Can Sharing Provider Documents Increase Value in Health Care?

Apple recently updated its Health app to display health records across multiple health centers. The screenshots and descriptions imply the company is accessing each health center’s patient portal to aggregate discrete data including allergies, medications, codified problems, immunizations, procedures and lab results. The user cannot modify the content or create a summary document to share with a new health care provider. Will distributing this technology more widely among health care providers and patients increase value in health care?

I don’t think so. SureScripts currently provides most clinicians to the medications recently filled by the patient within an electronic medical record so easy integration. A lack of consensus about what merits inclusion onto a patient’s problem list (suspicion of a diagnosis vs. response to a therapeutic trial vs. diagnostic test) limits trust among providers when reviewing problem lists created by others. Without tools to summarize and display information, a list of immunizations, lab results and procedures is likely to be ignored. Knowing that a patient has congestive heart failure with an ejection fraction of 15% with two hospitalizations in the last three months is much more informative than reading each data element separately across multiple screens.

So how might health care leverage the digitization of electronic medical records to increase value in health care? At least one vendor suggests that a longitudinal patient record could identify care delivery gaps and reduce duplicate testing and treatment strategies. Unfortunately, earlier efforts by the federal government to encourage more data sharing to help patients construct such a record have been poorly adopted in the marketplace (e.g.Blue Button).

Between our current state of discrete data element sharing and a longitudinal patient record could be a focus of using provider documentation and test results to help identify care gaps within and across care settings. For patients who have already interacted with the health care system, health information technology could provide support to help understand what tests or treatment failures merited additional follow-up.

Relying on discrete diagnoses and lab results may not accurately capture the patient’s clinical condition. Health care encompasses a variety of conditions and disease trajectories. Many conditions are self-limiting and do not require continued surveillance. Other findings are non-specific and may serve as a warning sign for a more concerning diagnosis.

Many clinicians do not take the time to specify the diagnosis to the level of detail that might help determine a more effective treatment or more accurate prognosis. “Stage 4 chronic kidney disease” implies a specific set of interventions and family conversations than “chronic kidney disease.” In addition, most health conditions do not have a diagnostic marker with 100% accuracy. A clinician three years ago may have an impression based on the patient’s clinical presentation that is completely debunked by a subsequent evaluation.Linking test result information or responses to therapeutic interventions can help improve a clinician’s confidence in the diagnosis specificity.

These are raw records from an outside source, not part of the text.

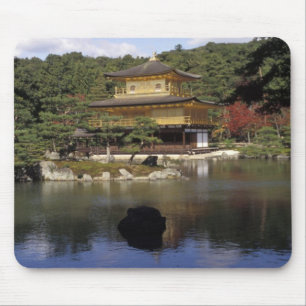 Japan, Kyoto, Golden Pavilion, Zen Temple Mouse Pad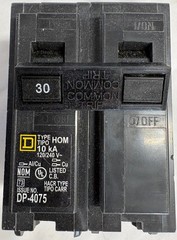 Square-D HOM230 Homeline 30A Double Pole Breaker Schneider DP-4075 New Shipped!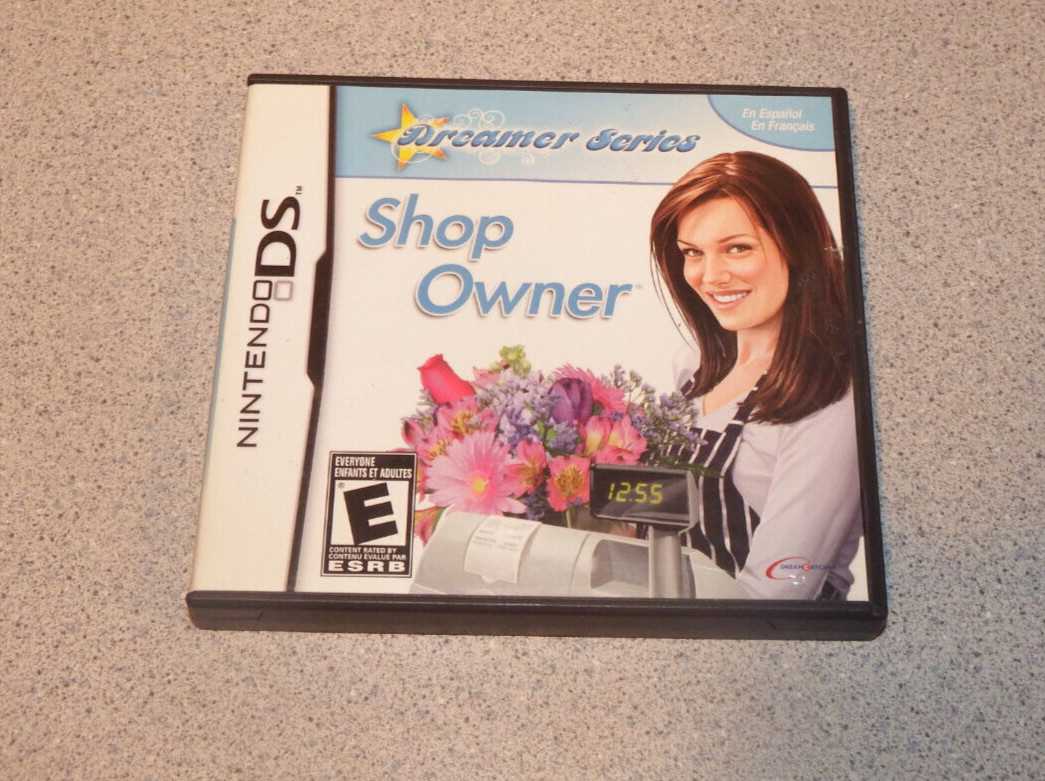 SHOP OWNER – GIRLS DREAMER SERIES IMAGINE LETS PLAY DS GAME – Complete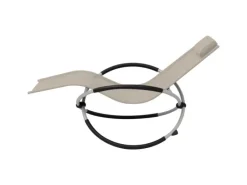 Sonnenliegen|vidaXL Sonnenliege Geometrisch Stahl 47774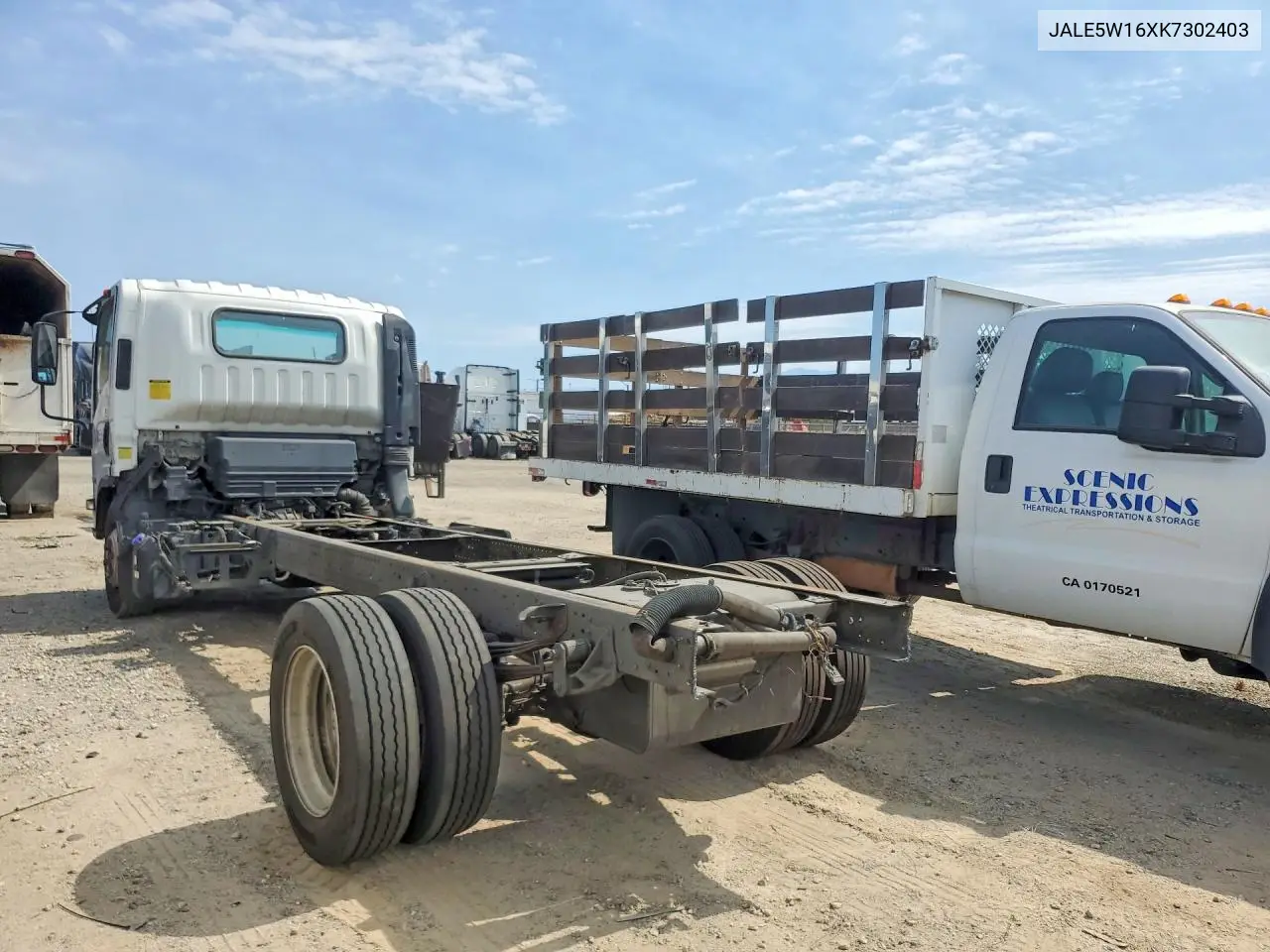 2019 Isuzu Nrr VIN: JALE5W16XK7302403 Lot: 60529496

Even after accounting for the uncertainty around a single diagnosis, patients can also have other conditions that present in a similar fashion. Patients with congestive heart failure, chronic obstructive pulmonary disease and chronic kidney disease may present with shortness of breath to an exacerbation of any combination of these conditions. Without a gold standard, each clinician applies their own diagnostic bias without meaningful feedback to improve diagnostic acumen for future encounters.

Patient preferences should be explicitly captured and used as guideposts to determine next best steps in diagnosis or treatment. Advance care planning helps clinicians gauge what interventions would be appropriate based on the patient’s stated preferences. In some cases, patient preferences can help determine what diagnoses should be aggressively managed or what medication side effects should be avoided.

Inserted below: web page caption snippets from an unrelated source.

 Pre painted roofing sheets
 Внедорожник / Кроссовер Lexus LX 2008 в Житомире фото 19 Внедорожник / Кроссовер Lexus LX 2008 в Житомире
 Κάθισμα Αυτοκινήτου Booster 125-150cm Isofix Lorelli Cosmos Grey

Time may alter a diagnosis, a treatment’s effectiveness and a patient’s preferences about disease management. When a clinician reviews a patient’s earlier health records, the historical information should serve as a starting point for the discussion about next steps to advance the patient’s care. Understanding a patient’s journey can help the clinician focus on those elements of care that may be most meaningful for the patient.

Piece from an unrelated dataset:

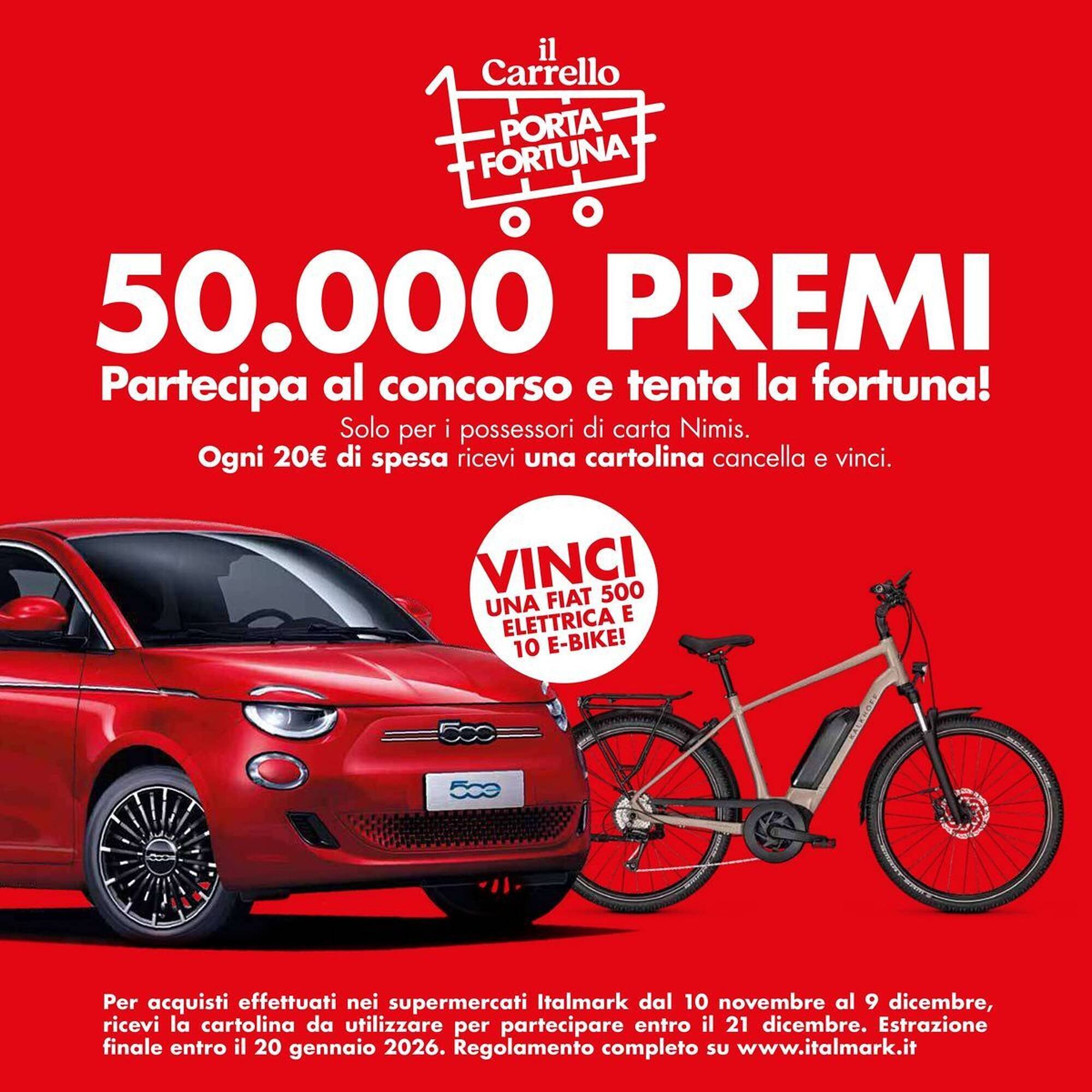 Volantino Italmark (2025-11-10 - 2025-11-25)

As high-deductible health plans become more prevalent, I expect patients and their families to compare prices, customer reviews and quality scores for elective medical services. Employers who subsidize health insurance for their employees should also see benefits from employees who make more informed health care purchasing decisions. To promote this type of consumer behavior, we in the health care system will have to:

  1. Provide patients with the information that led us to a particular diagnostic or therapeutic decision (test results, confidence in stated diagnosis, impression of patient’s values and preferences around the specific clinical condition within the context of the entire patient),
  2. Encourage more outcome-based metrics of care quality delivery (e.g., time to return-to-work after elective hip replacement),
  3. Encourage patients to seek out a second opinion for specific diagnoses or treatments that may not be clear, and
  4. Support patients if they make a decision to receive care somewhere else. Unlike buying a car or television, many patients may feel reluctant to leave a medical group or health system to save money or obtain a better experience. It is incumbent upon us to help patients find a health care provider or system that best meets their needs, even if that provider isn’t in our group.

I support any initiative that promotes health information sharing across health systems. To direct health information sharing toward higher-value care, it will be important to look beyond discrete data elements and use tools to extract information about diagnostic certainty, disease severity, decision making including patient preferences and next steps to improve the patient’s quality of life.